Even as prohibitory orders were in force, over 200 bike-borne Muslim youths allegedly went on a rampage, targeting shops owned by Marwari and Hindu traders which lined the arterial roads. Retaliation followed with the burning down of shops owned by Muslim traders. By Friday night, many shops in the main market area including vegetable shops, furniture shops, cloth shops, restaurants and roadside slaughter houses were burning. With the situation deteriorating, the state government imposed curfew in the town and rushed the home secretary, the director general of police and senior officials to the spot to control the situation. It even sent a new collector to take charge as the previous one had retired a week earlier. Four companies of central paramilitary force apart from 35 platoons of the state police spread through the town, keeping an eye on troublemakers.
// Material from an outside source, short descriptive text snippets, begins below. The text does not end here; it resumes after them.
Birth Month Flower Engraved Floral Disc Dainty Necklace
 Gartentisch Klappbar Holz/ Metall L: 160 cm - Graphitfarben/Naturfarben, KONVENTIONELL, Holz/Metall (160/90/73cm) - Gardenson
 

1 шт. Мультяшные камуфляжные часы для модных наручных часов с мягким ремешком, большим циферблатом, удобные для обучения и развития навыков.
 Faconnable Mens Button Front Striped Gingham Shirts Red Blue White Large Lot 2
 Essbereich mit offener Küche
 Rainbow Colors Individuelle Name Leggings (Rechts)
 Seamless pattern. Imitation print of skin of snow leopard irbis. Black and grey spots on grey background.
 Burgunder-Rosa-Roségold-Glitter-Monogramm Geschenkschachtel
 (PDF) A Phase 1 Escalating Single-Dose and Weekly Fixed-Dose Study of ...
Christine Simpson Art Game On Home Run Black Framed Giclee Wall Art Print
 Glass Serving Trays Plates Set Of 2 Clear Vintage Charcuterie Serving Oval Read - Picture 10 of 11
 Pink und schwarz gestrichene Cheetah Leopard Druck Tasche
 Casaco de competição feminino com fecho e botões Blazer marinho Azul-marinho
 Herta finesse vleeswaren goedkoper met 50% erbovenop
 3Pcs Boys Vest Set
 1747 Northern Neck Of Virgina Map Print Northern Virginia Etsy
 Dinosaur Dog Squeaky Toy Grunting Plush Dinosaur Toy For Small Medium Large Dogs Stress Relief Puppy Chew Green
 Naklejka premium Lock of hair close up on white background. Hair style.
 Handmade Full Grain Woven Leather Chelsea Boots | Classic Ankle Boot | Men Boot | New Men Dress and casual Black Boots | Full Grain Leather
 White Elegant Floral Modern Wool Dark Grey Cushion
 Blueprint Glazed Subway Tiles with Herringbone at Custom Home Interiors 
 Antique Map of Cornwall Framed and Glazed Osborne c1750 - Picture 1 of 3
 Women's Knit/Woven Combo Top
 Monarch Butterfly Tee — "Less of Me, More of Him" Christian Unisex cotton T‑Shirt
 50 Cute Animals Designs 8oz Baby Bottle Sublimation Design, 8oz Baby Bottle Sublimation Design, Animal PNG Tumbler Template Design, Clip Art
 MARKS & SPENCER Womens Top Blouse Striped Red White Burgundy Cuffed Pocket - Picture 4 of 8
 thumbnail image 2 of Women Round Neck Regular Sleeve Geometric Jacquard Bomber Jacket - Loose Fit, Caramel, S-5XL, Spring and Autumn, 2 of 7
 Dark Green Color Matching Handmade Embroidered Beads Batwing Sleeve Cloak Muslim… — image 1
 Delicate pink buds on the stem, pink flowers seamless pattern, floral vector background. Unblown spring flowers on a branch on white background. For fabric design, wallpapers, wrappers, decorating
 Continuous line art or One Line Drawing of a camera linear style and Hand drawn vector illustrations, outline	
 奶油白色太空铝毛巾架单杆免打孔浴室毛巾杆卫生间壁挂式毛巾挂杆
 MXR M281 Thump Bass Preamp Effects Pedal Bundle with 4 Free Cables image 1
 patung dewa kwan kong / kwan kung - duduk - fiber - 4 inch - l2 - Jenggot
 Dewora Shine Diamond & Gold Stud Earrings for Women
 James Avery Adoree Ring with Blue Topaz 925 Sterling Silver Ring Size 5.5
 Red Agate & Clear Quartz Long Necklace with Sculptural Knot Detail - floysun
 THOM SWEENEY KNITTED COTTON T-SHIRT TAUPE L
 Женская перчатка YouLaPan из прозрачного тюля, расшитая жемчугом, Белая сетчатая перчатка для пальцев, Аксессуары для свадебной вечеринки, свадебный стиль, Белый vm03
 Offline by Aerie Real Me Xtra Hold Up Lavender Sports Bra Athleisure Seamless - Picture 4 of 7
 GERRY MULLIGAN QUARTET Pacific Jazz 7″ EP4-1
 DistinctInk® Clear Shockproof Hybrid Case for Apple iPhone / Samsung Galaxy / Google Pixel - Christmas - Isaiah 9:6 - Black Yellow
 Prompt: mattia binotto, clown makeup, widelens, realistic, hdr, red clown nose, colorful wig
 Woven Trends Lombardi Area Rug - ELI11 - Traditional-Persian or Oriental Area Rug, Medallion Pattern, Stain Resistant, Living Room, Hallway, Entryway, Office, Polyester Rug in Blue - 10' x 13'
Five days later, with over 100 arrests and 8 cases, the police are back in control of the situation. Chief Minister Naveen Patnaik today visited Bhadrak to review the situation and meet the riot-affected people. The police have arrested a Muslim youth, son of a small-time  BJD leader, over his inflammatory Facebook comment.

Bhadrak town had more Muslims than Hindus before 1990, but the influx of Marwari businessmen after 1965 changed the demographics and made it a Hindu-majority town. The Marwaris soon took over most business establishments and by 1991, when the first-eve riot happened, they monopolised the trading scene. In March 1991, when riots took place in the lead-up to the Ramjanmabhoomi movement, the shops, godowns and houses of Marwari businessmen were attacked along the main roads. The riots soon spread to Soro, another small town located nearby, where 16 persons died.

Since then, regular peacemaking efforts between the two committees had restored communal harmony to a large extent. However, over last few years the peace committee has been rendered defunct with the administration and local political leadership making little effort to rein in the hotheads in both communities. While Bhadrak did not see any communal tension last year, the sudden rise in Ramnavami processions from 47 in last year to 65 this year certainly played a role in raising the temperature. In September last year, in neighbouring town of Soro police had to impose curfew for three days due to pelting of stones on a procession for the immersion of Ganesh idols. The same month, Pattamundai town in Kendrapara district too continued to simmer as members of minority community opposed the use of loudspeakers and beating of drums in front of a mosque during an immersion procession of Ma Khudurukuni, a local deity. In the steel city of Rourkela, section 144 of CrPC was imposed after some miscreants hurled bricks at an idol of Lord Ganesha when the immersion  procession reached minority-dominated Nala Road.

The lack of a full time collector during the Ramnavami festival was also a reason cited for the current violence. The previous one was on leave for a week before he retired at the end March, thus making the district effectively headless for over a fortnight. On April 9, the government finally curbed the use of social media in the town and its environs. A team of cyber crime sleuths from the CID have now identified over 150 people who either forwarded messages or posted inflammatory photos and comments through social media that fanned the fires during the riot. Five of the 150 identified are now being interrogated by the cybercrime cell over their role in fanning emotions.

Last week’s riot was not as deadly as the 1991 one or the 2008 riots of Kandhamal, but had the rioters got more time and used social media a little more cleverly, there could have been casualties. In July last year, Rourkela saw similar tensions during Lord Jagannath’s Rath yatra when a boy posted an objectionable comment about the minority community in a WhatsApp group. Timely action of the local police and effective coordination between elders of both communities saved the city.

The 2017 riot of Bhadrak is a reminder of the challenges that administrations face in times of social media.